What does being a lesbian mean to you?

i love being a lesbian. it’s like home to me. i would define it as women and sapphic nonbinary people interested only in women and sapphic nonbinary people.

What are your thoughts on lesbians being described as non-men attracted to non-men?

i get the attempt, but i don’t like it. a “non-man” isn’t a thing. no one calls themselves non-man – i certainly don’t. i’m not a non-man; i’m a nonbinary person. it’s also silly to take “woman”/”women” out of the definition, since that’s still an important aspect of lesbianism.

it also includes more nonbinary people than who are actually included. i am genderless and a lesbian, but many other genderless people do not want to be included in lesbianism. that’s why in my definition i specify sapphic nonbinary people – making it an inclusive, opt-in definition instead of an overly inclusive, opt-out definition.

How do you feel about the word “dyke”?

I identify with the word. it’s still a slur though

Are you masculine or feminine presenting?

both.

How does your experience relate to your presentation (masculine or feminine)?

intrinsically tied together. i am pretty clockable as a lesbian.

Do you feel pressured to fit into a masculine or feminine role?

no

Are you monogamous or non-monogamous?

monoamorous and married.

Do you believe that everyone is a little bit gay?

no lmao there are definitely straight people. it would be silly as a lesbian to say that you cannot be exclusively interested in just one gender.

How did you first discover homosexuality , or the lesbian community?

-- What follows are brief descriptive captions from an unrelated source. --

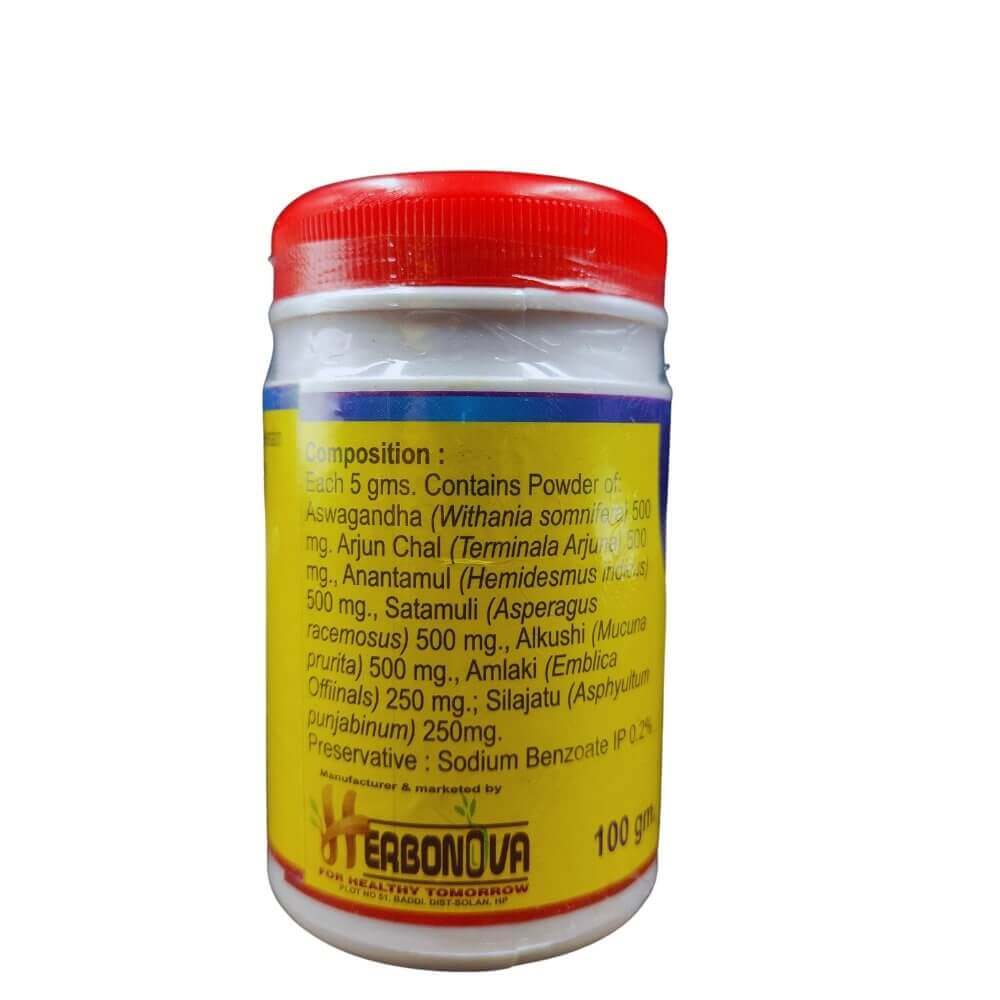 Kabiraji Kam Mantra Powder - HEALTH AIM PHARMACY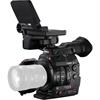 Canon Cinema EOS C300 Mark II Camcorder Body CMOS AF (EF Mount)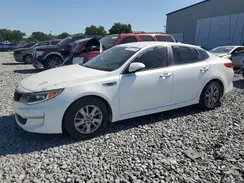 5XXGT4L39GG024003 2016 KIA OPTIMA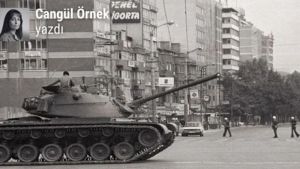 12 Eylül’de iki duruş iki kadın: Reha İsvan ve Yıldız Kenter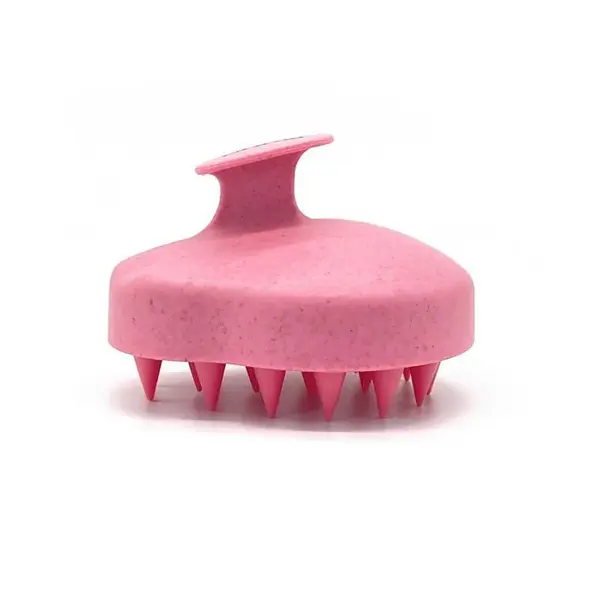 Doori DOORI Shampoo Brush In Color Lady Pink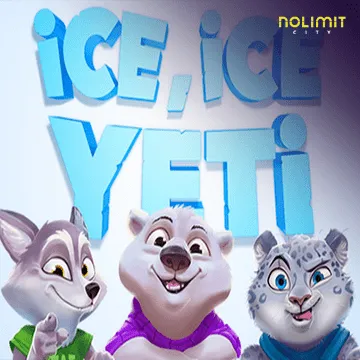 Ice Ice Yeti - TURBOBET168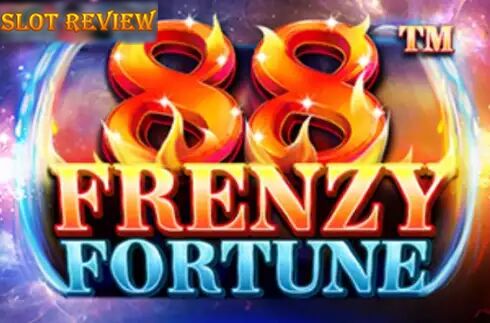 88 Frenzy Fortune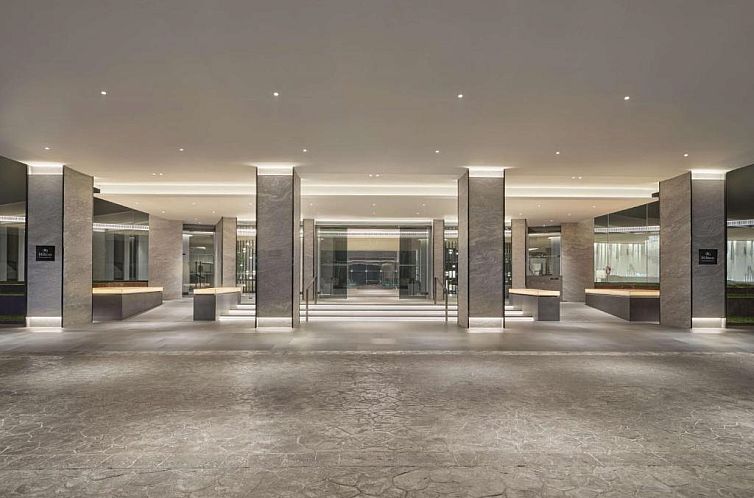 Hilton Hua Hin Resort & Spa - SHA Certified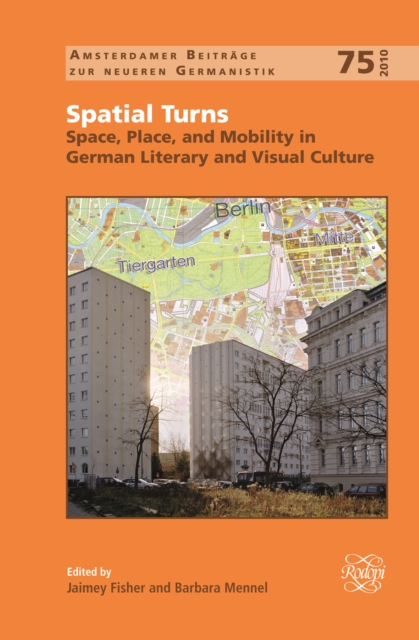 Spatial Turns
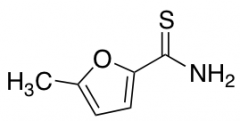 5-Methylfuran-2-carbothioamide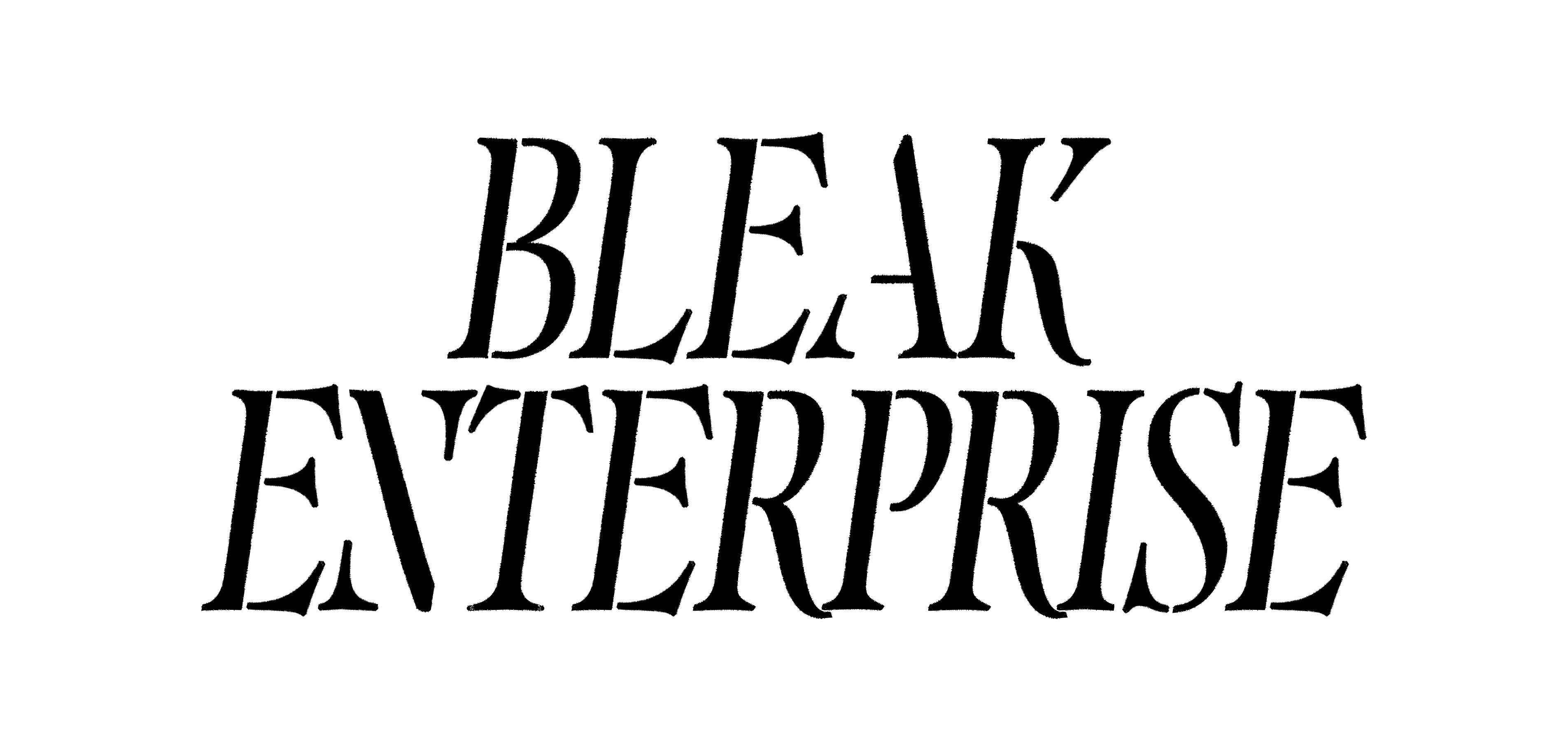 Bleakenterprise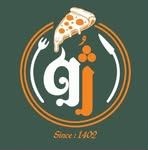 لوگوی رستوران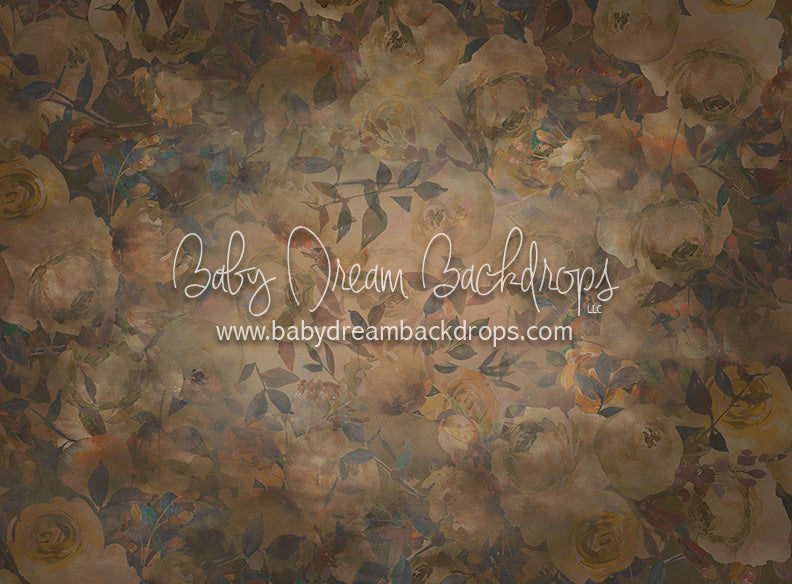 Loretta - 60x80 - CC  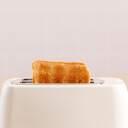 TOST. SOLAC TC5420 2R CORTO BLANCO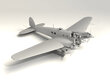 Klijuojamas Modelis ICM 48264 German He 111H-20 1/48 цена и информация | Klijuojami modeliai | pigu.lt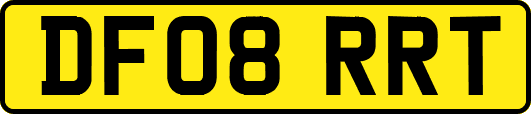 DF08RRT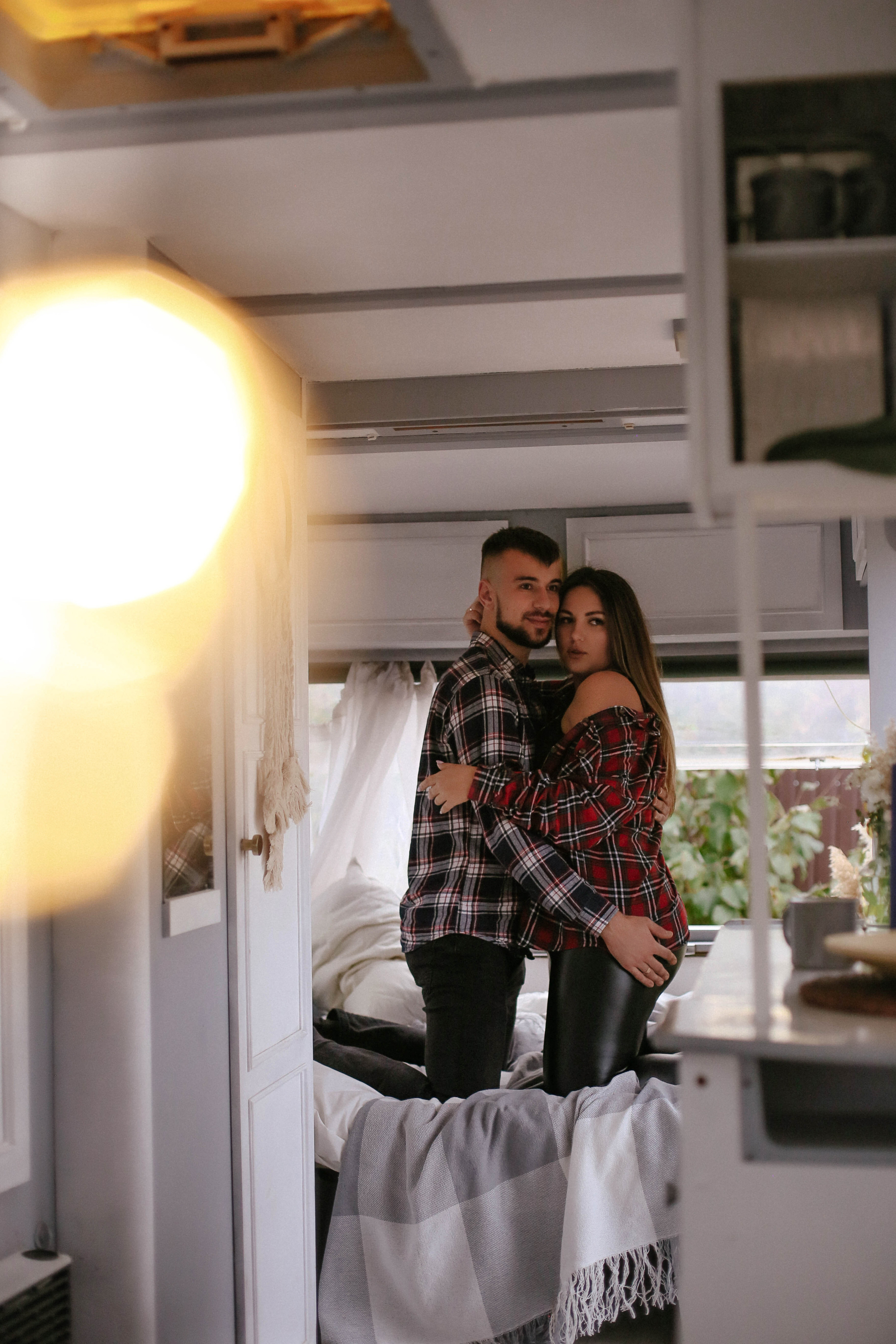 Дима & Катя. Семейный и детский фотограф в Симферополе и Севастополе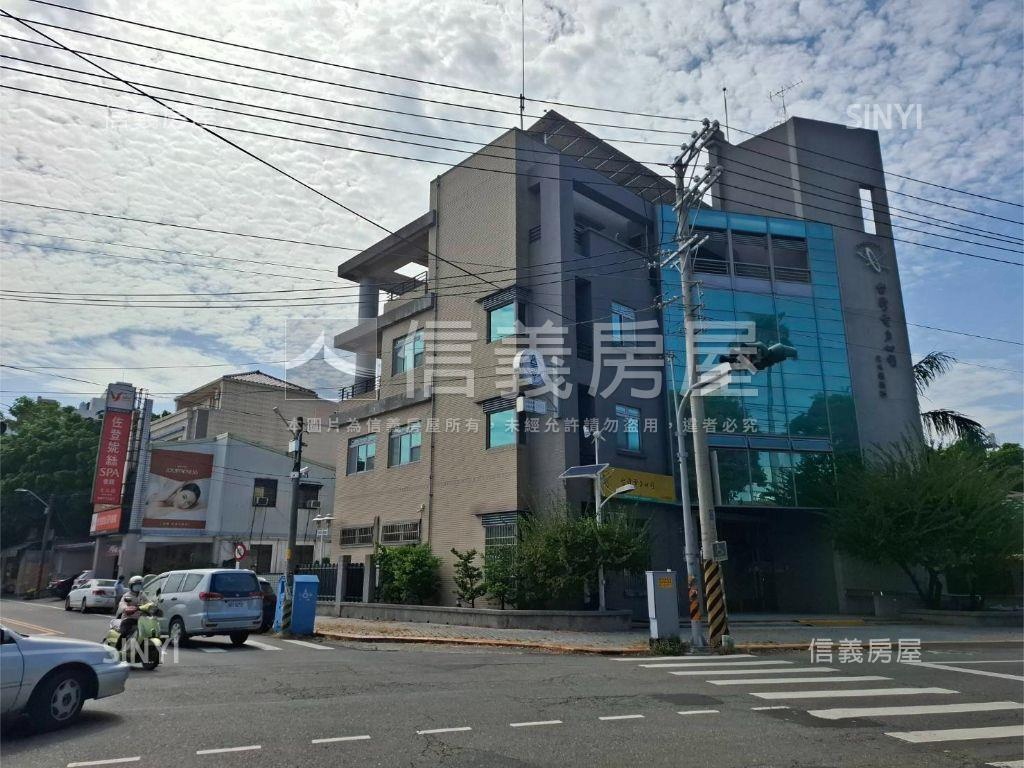 北斗商業區透店房屋室內格局與周邊環境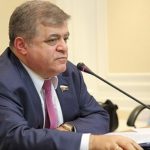 Владимир Джабаров: Военного решения карабахского конфликта не существует, нужны переговоры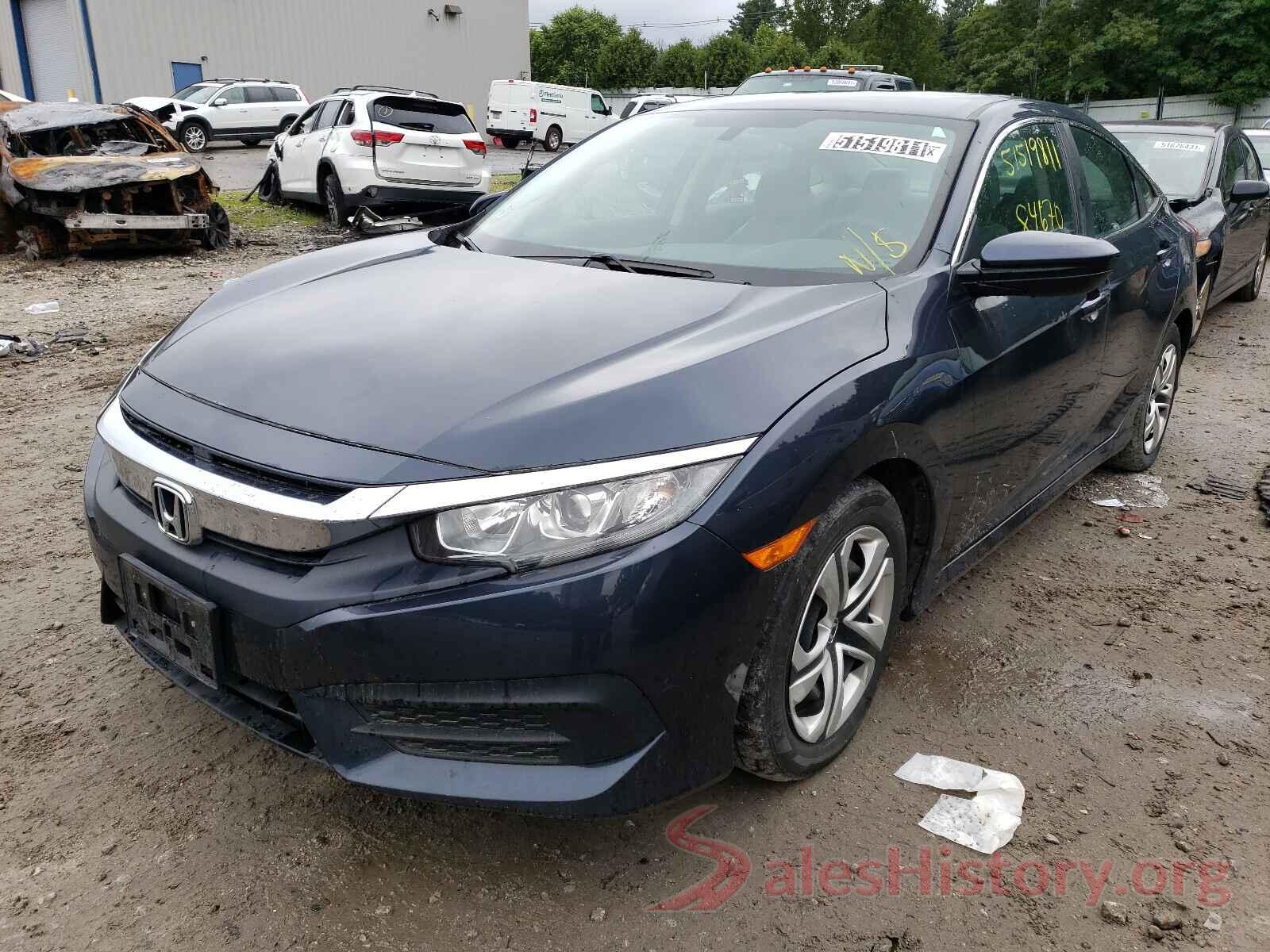 19XFC2F58JE202545 2018 HONDA CIVIC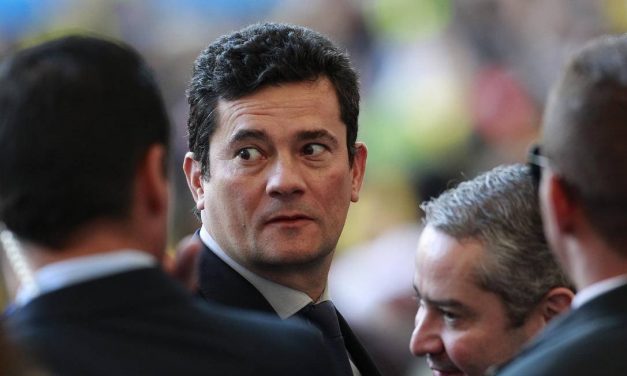 Senado aprova criminalização do caixa dois eleitoral proposta pelo pacote anticrime de Moro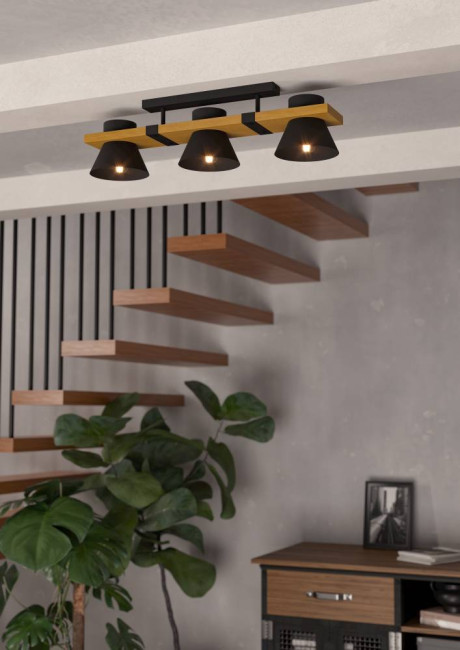 Потолочный светильник Eglo Maccles 43955 Потолочный светильник Eglo Maccles 43955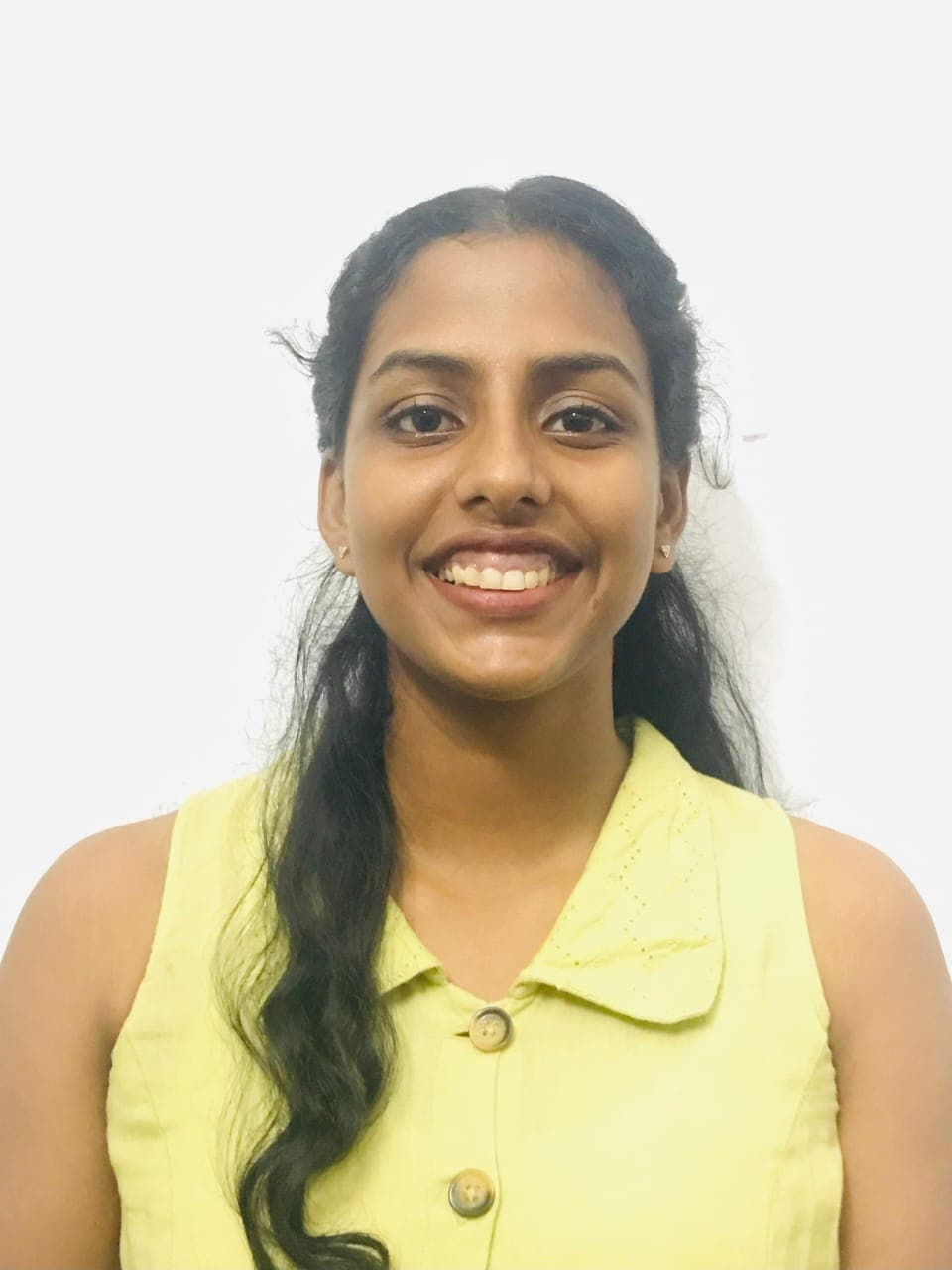 Anagha George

it took me a long time to find community. i found community online.

i learned about gay people from homophobic statements made by those around me.

Have you ever experienced internalized homophobia?

yes. i was raised christian, so i thought i was a terrible, guilty person when i first started acknowledging my lesbianism.

How often do you doubt your sexuality?

never.

How did you realize your attraction to women and how did you feel about it?

well, i always found girls my age attractive, but i assumed everyone felt that way about girls up until middle school. i started realizing i was different from my peers in changing rooms when people talked about boys being perverts if they saw them changing, and i wondered if i was a pervert since i was attracted to girls but allowed in the changing room, unlike the boys. i felt like i was invading on them.

i felt horrible about it. i felt like a monster.

How long have you identified as a lesbian?

proudly for 5 years. it took me a while to accept myself and get over the guilt.

Has societal pressures ever made you question/suppress your sexuality?

yes. mostly suppress or deny, not so much as question.

Why do you think it’s difficult for some people to grasp the concept of homosexuality?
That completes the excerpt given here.